Judge of the Supreme Court of Missouri
- In office October 1, 1982 – May 23, 1991
- Appointed by: Christopher S. "Kit" Bond
- Succeeded by: Duane Benton

Personal details
- Born: August 21, 1921 Kennett, Missouri
- Died: May 23, 1991 (aged 69) Jefferson City, Missouri
- Spouse: Wilda Billings
- Education: University of Missouri School of Law

= William Howard Billings =

American judge

William Howard Billings (August 21, 1921 – May 23, 1991) was a judge of the Supreme Court of Missouri. Prior to his appointment by then-Governor Kit Bond, he had been a member of the Missouri Court of Appeals in Springfield, and before that a circuit court judge; both times he was appointed by Democratic governor Warren Hearnes.

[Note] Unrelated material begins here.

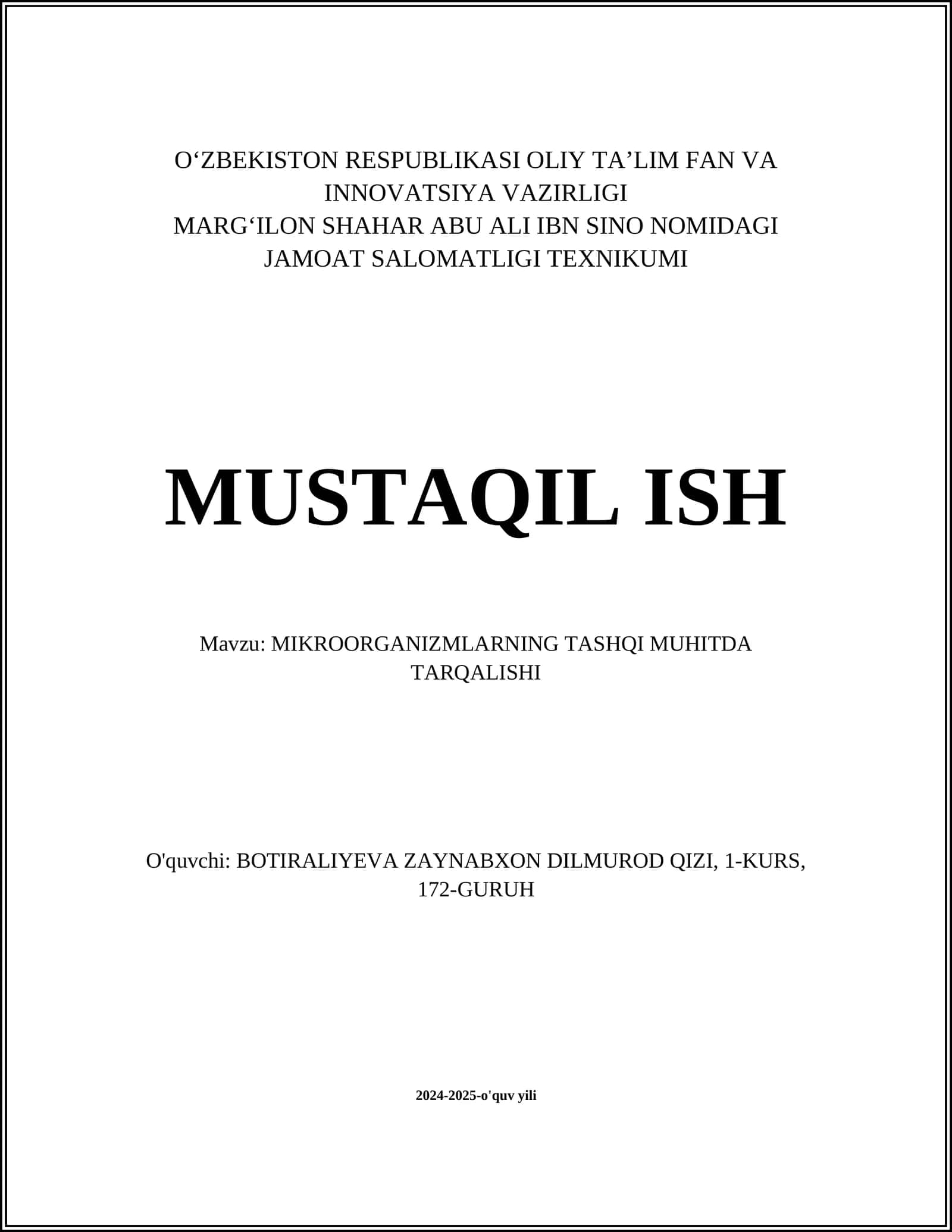 MIKROORGANIZMLARNING TASHQI MUHITDA TARQALISHI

Judge Billings was noted for his hard work ethic and his unwavering dedication to upholding the highest standards expected of judges; however, he was found by a federal judge to have violated the court's canon of ethics by telephoning an expert without the consent of the parties' attorneys. He was also a staunch opponent of allowing cameras into courtrooms, and once threw out two journalists from the Missouri Supreme Court Building. He died less than two months before he was supposed to retire, under Missouri's age limit for judges.